Integrated Scientific Workflow Management for the Emulab Network Testbed

Eric Eide, Leigh Stoller, Tim Stack, Juliana Freire, and Jay Lepreau
{eeide,stoller,stack,juliana,lepreau}@cs.utah.edu

University of Utah, School of Computing
www.emulab.net
Flux Technical Note FTN–2006–01
February 2, 2006

A revised version of this paper was published in Proceedings of the 2006 USENIX Annual Technical Conference, Boston, MA, May-June 2006. Please read and cite the published USENIX 2006 paper in preference to this report.

Abstract

The main forces that shaped current network testbeds were the needs for realism and scale. Now that several testbeds support large and complex experiments, management of experimentation processes and results has become more difficult and a barrier to high-quality systems research. The popularity of network testbeds means that new tools for managing experiment workflows, addressing the ready-made base of testbed users, can have important and significant impacts.

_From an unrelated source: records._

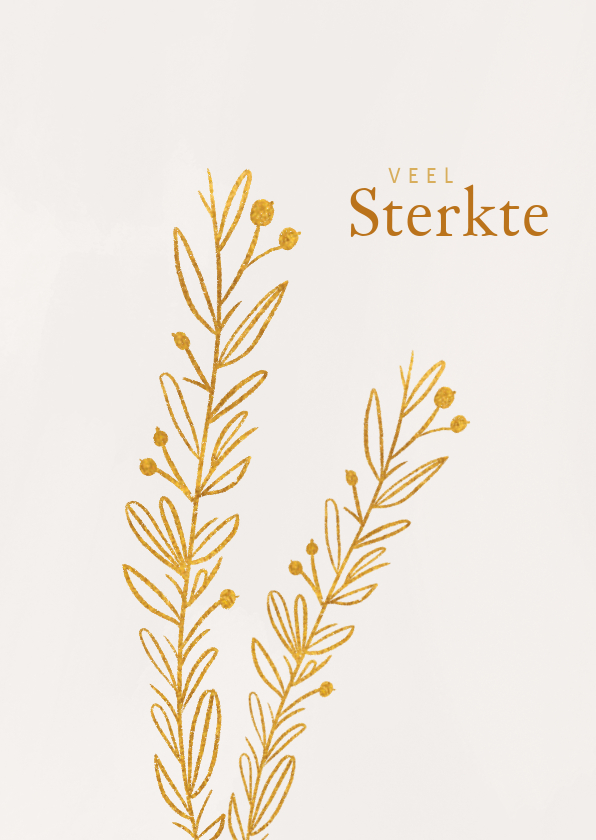 Sterkte kaart met gouden takjes - Sterkte kaarten Sterkte kaarten - Sterkte kaart met gouden takjes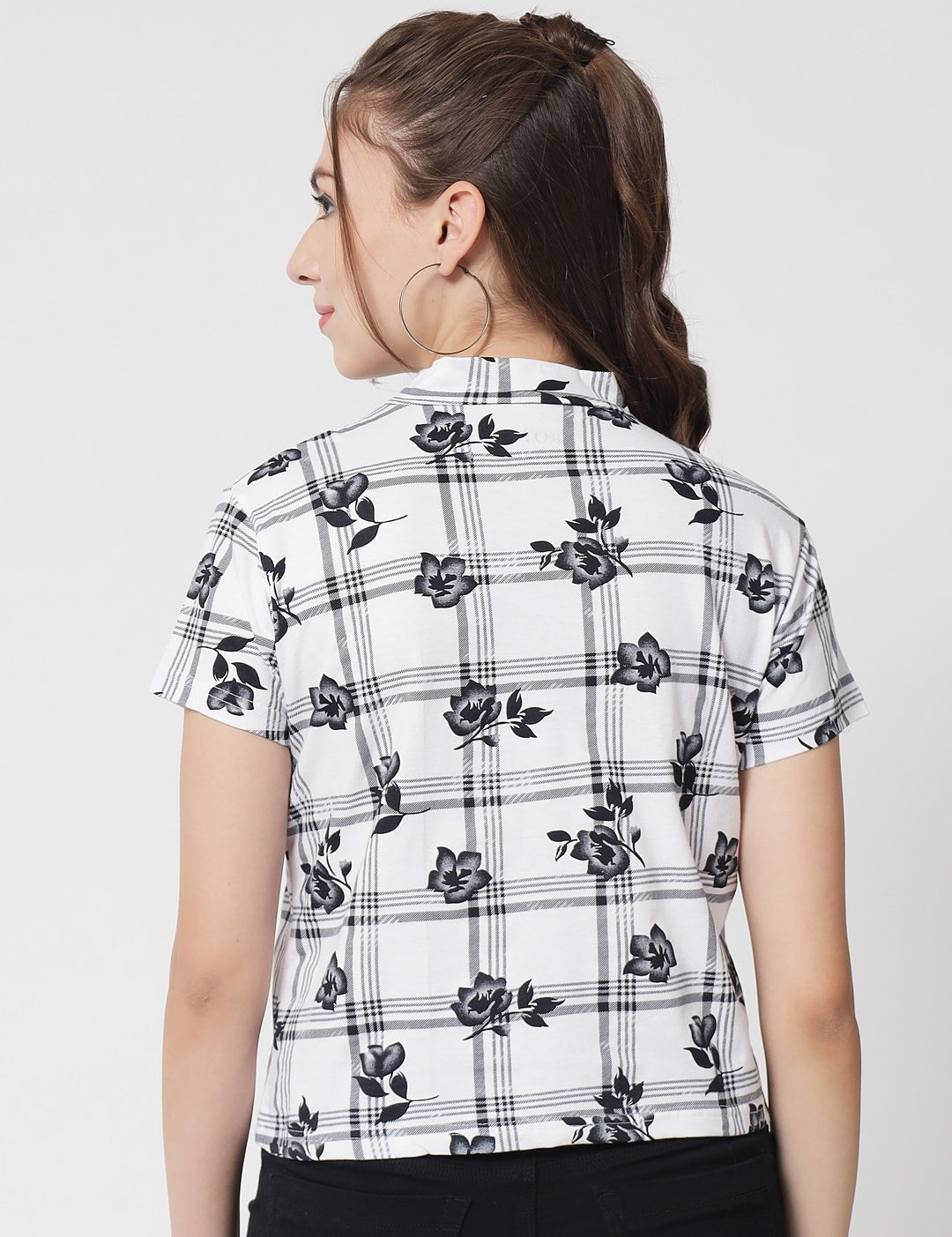 KOTTY Casual Floral Print Women White Top 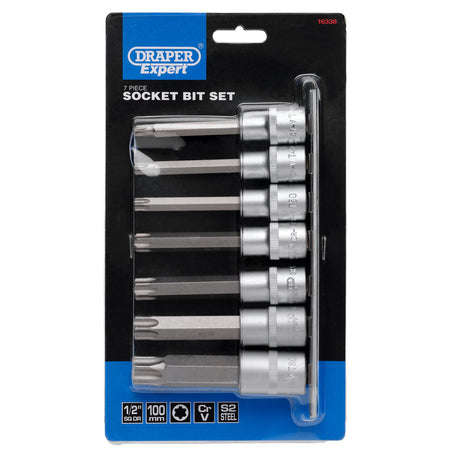 DRAPER 1/2" Sq. Dr. Draper TX STAR Security Socket Bit Set (7 Piece) : Model No. H-TXT/7/100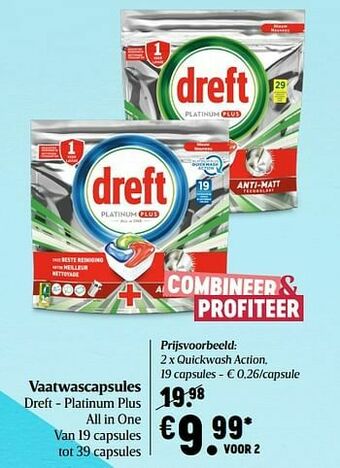 Delhaize Dreft - platinum plus all in one quickwash action aanbieding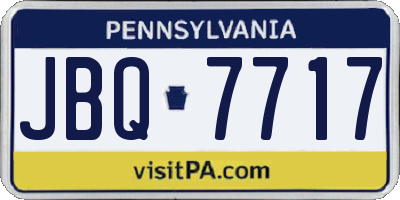 PA license plate JBQ7717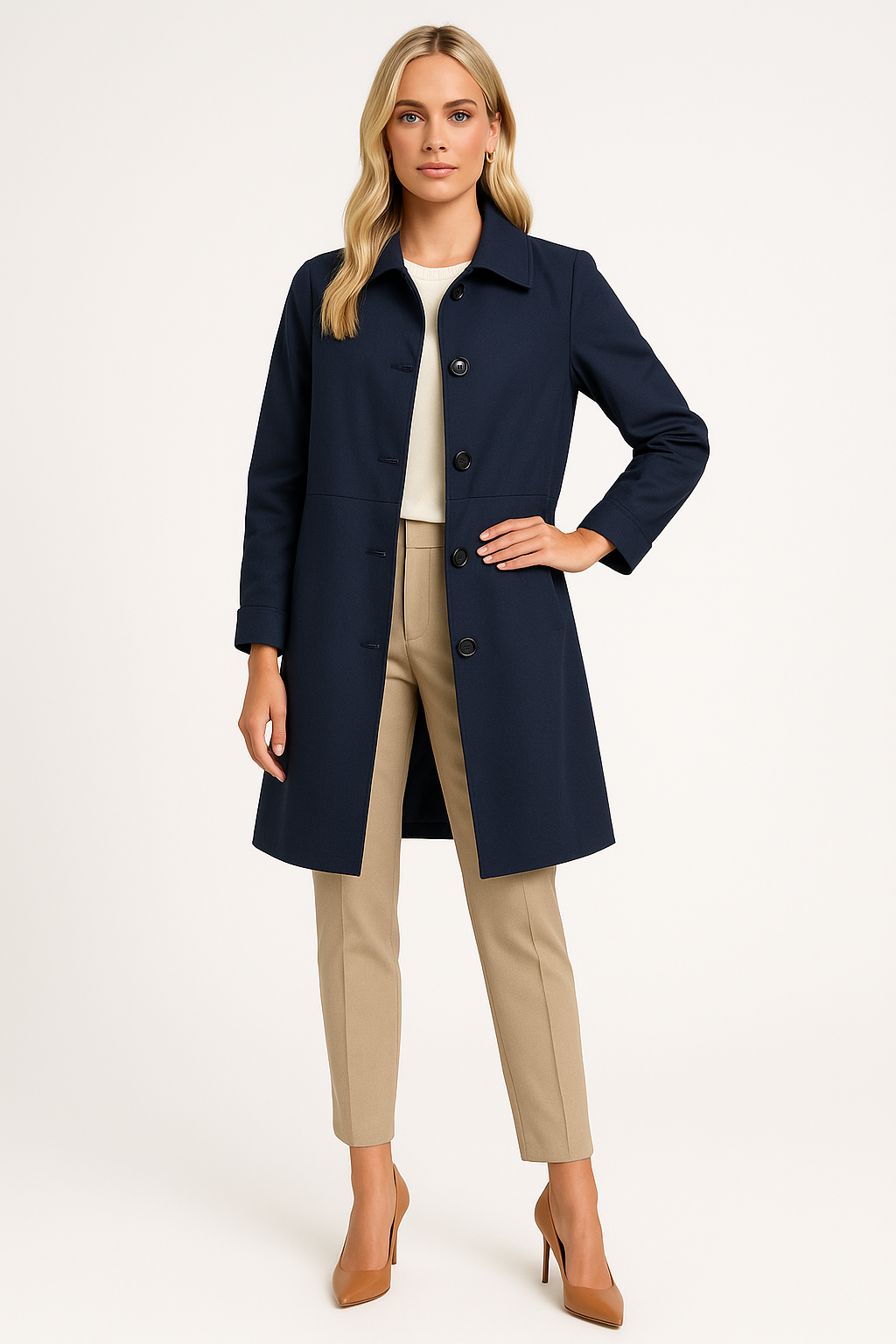 Women's Classic Belted Trench Coat with Timeless Collar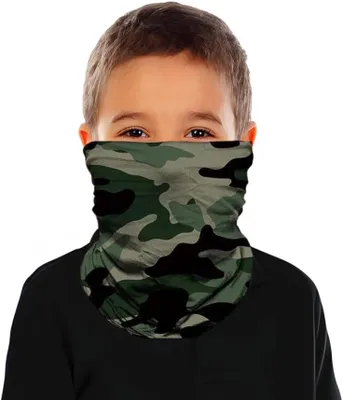 Imagen del producto de Pañuelo infantil de camuflaje verde, 45x23 cm, transpirable, de secado rápido, con protección UV, ideal para actividades al aire libre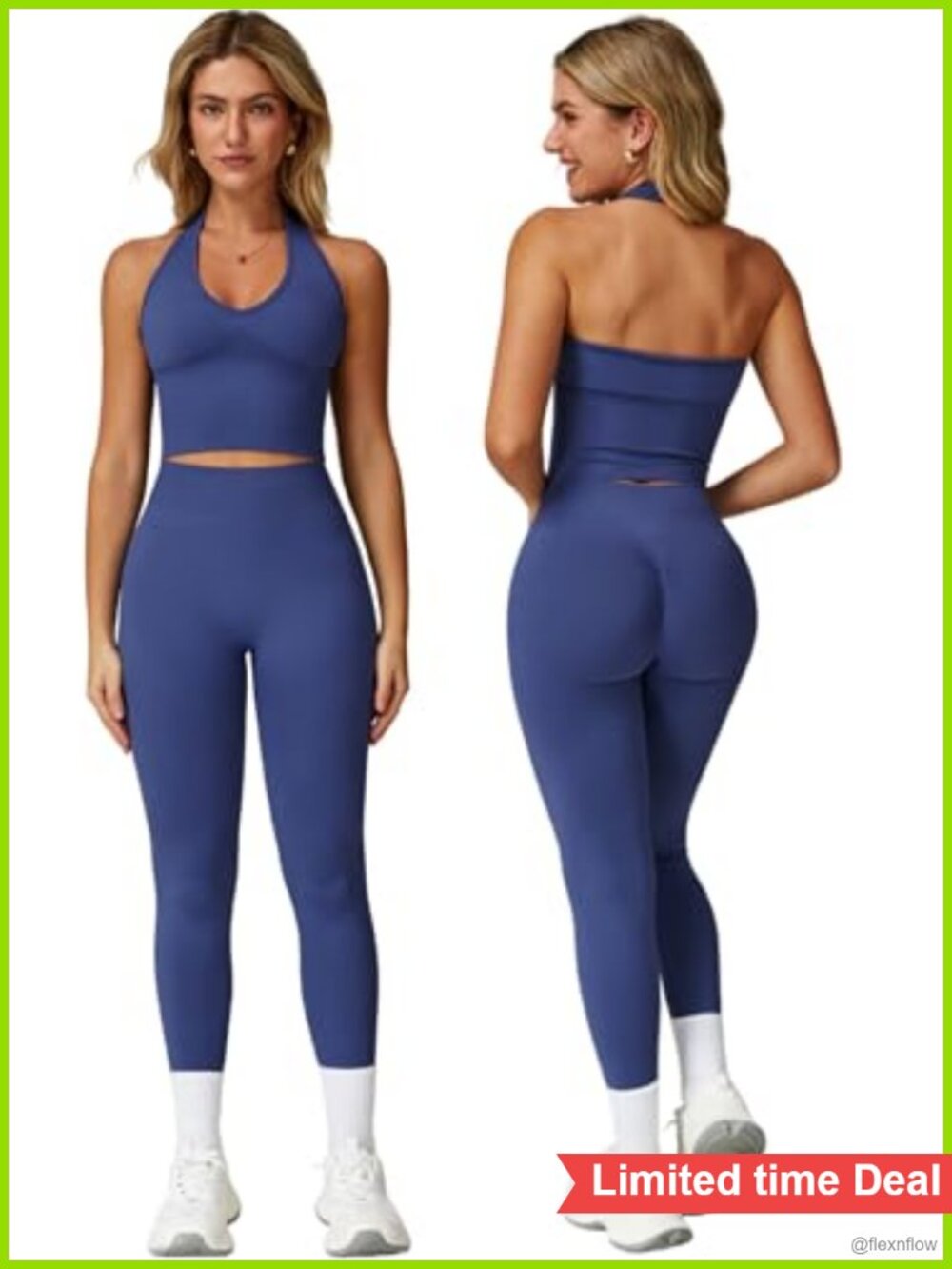 Seamless 2 Piece Workout Set Halter Tank Top Scrunch Leggings Gym
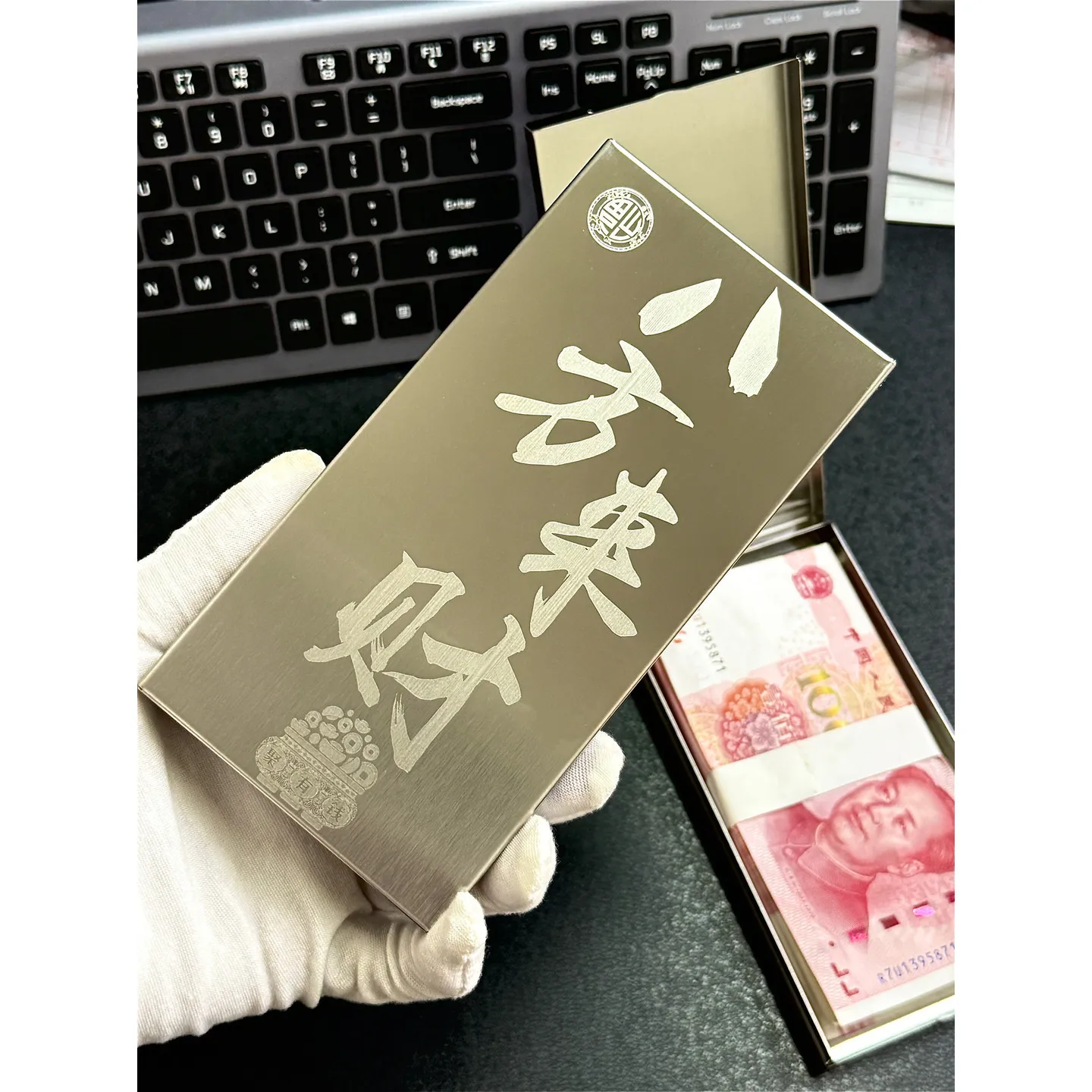 ステンレス鋼現金収納ボックス防湿財布多目的マネークリップデスクトップコインボックスドキュメントオーガナイザーホルダー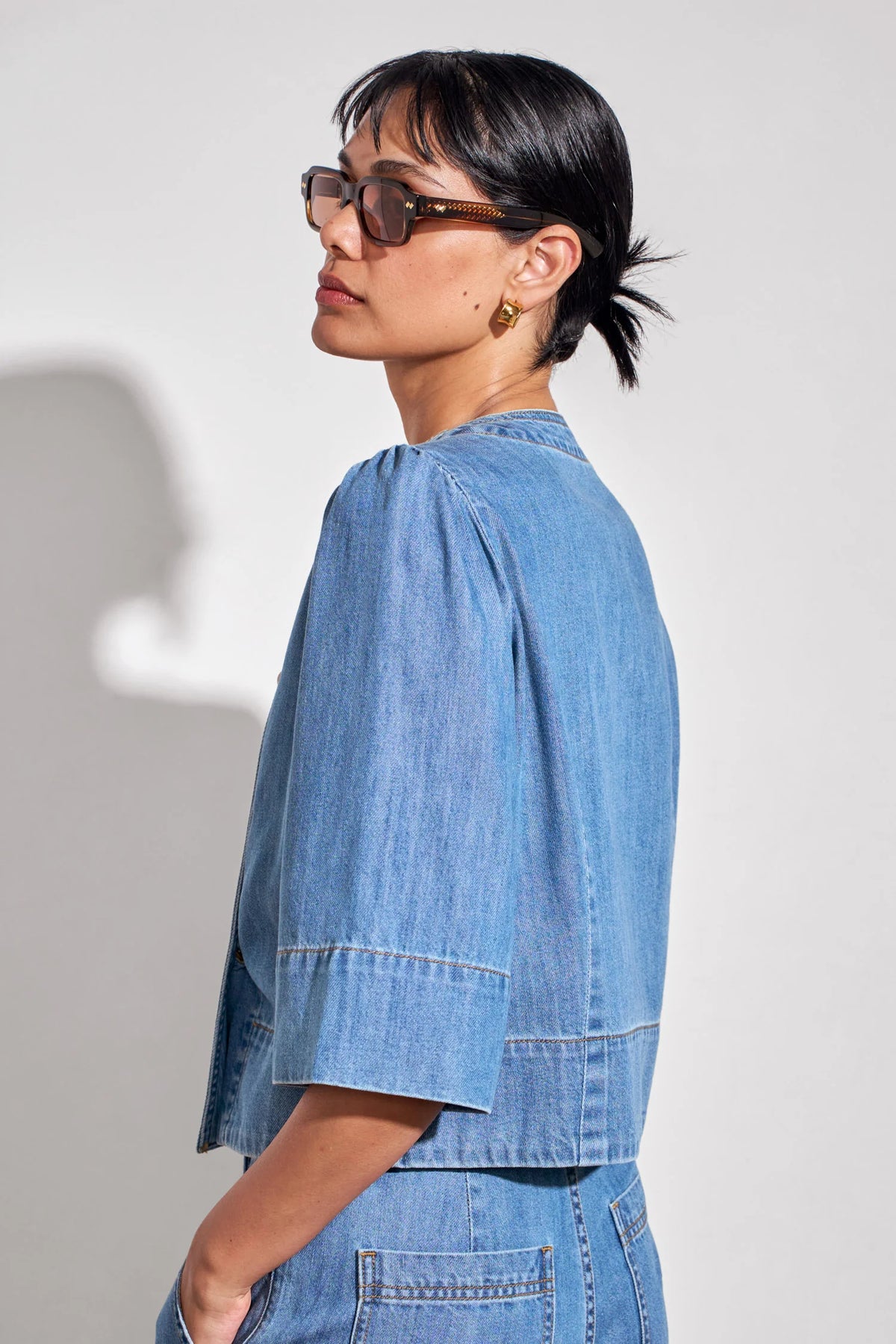 Plunge Jacket Mid Wash Denim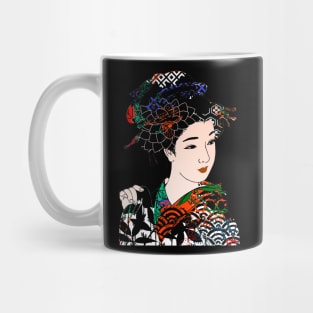 Japanese Geisha Chrysanthemum Kimono 105 Mug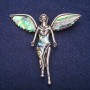 Brooch Angel with Chalcedony Inlay, Silver-Colored Metal 59x60mm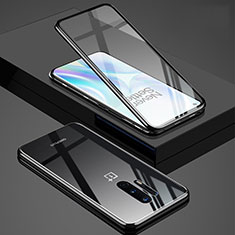 Custodia Lusso Alluminio Laterale Specchio 360 Gradi Cover T02 per OnePlus 8 Pro Nero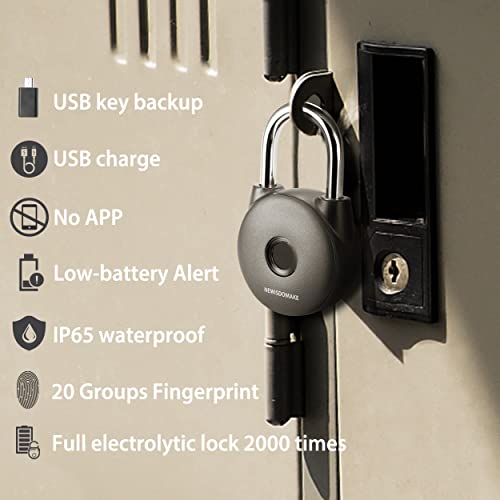 Newisdomake Fingerprint Padlock, Smart Lock with Key Backup, Waterproof for Gym, Luggage, Bookcase, Suitcase, Backpack, Bike, School Locker (Gray) by Newisdomake - Image 3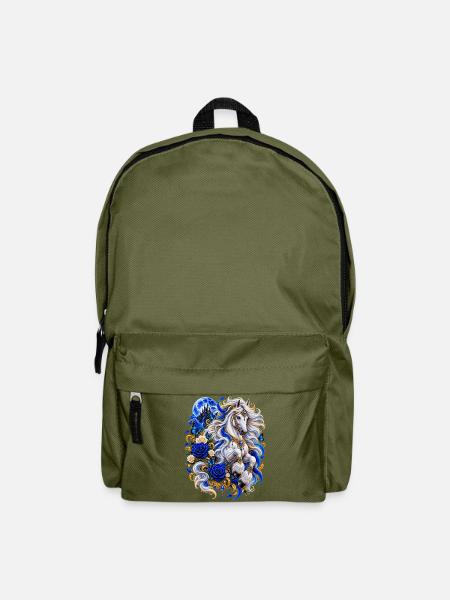 Weißes Fantasy Pferd mit blauen Rosen - Rucksack - Olivgrün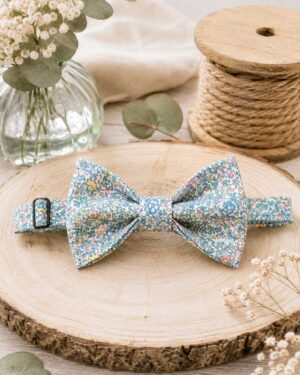 Noeud papillon et bretelles pour homme Liberty katie and millie leitha bleu vert,mariage, made in France, fabriqué en Occitanie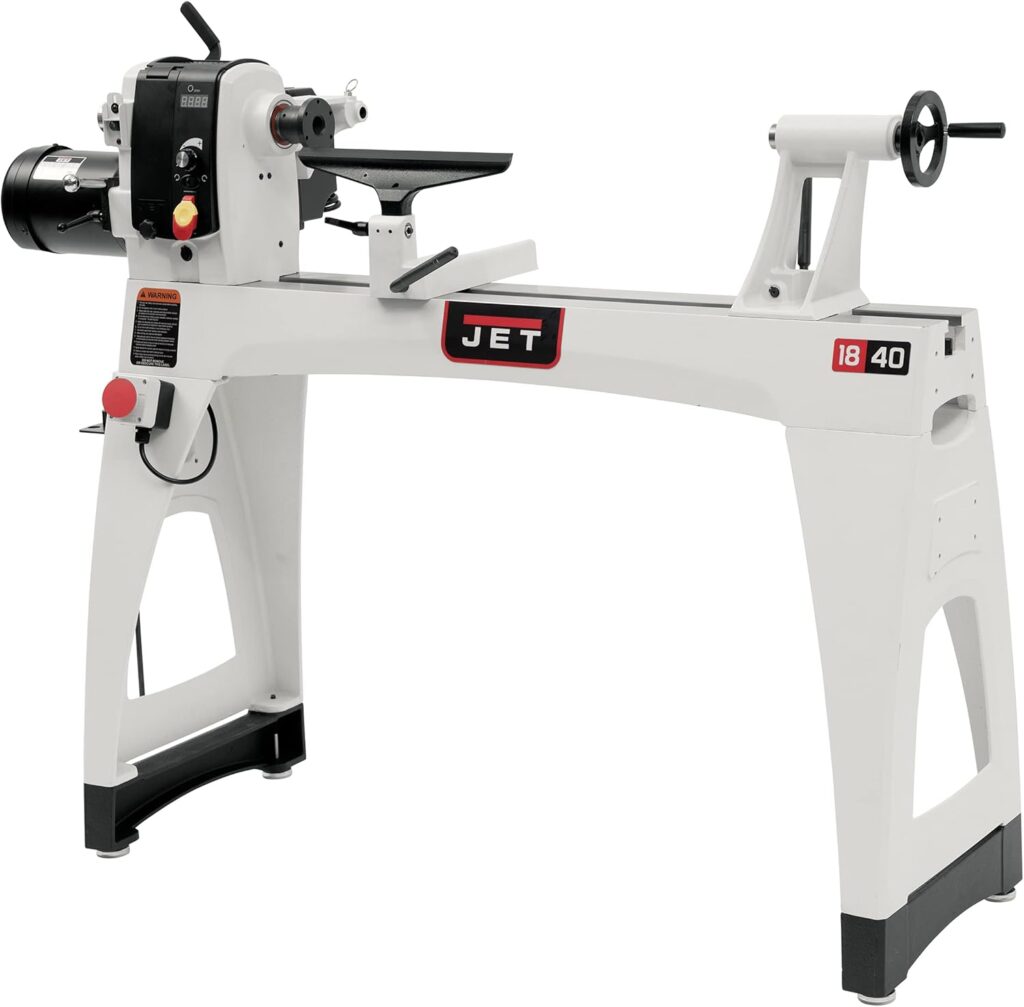 professional grade white jet jwl 1840evs wood lathe with a heavy duty cast iron frame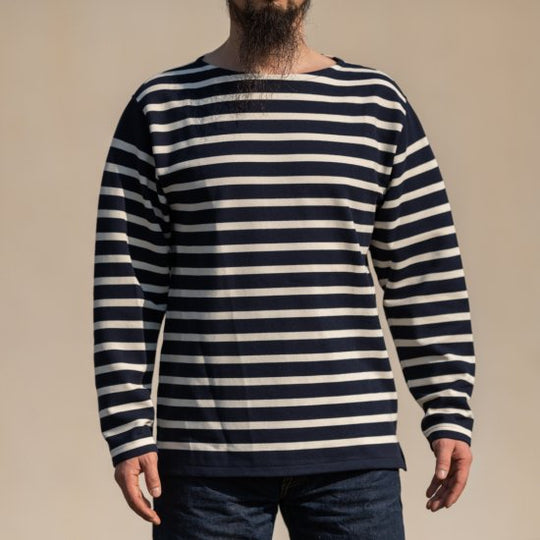 ブレトンシャツ Breton Shirt Long Sleeve Raschel Knit navy off white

We are now evolving Emulab, our large and popular network testbed, to support experiments that are organized around scientific workflows. This paper summarizes the opportunities in this area, the new approaches we are taking, our implementation in progress, and the challenges in adapting scientific workflow concepts for testbed-based research. With our system, we expect to demonstrate that network testbeds with integrated scientific workflow management can be an important tool to aid research in networking and distributed systems.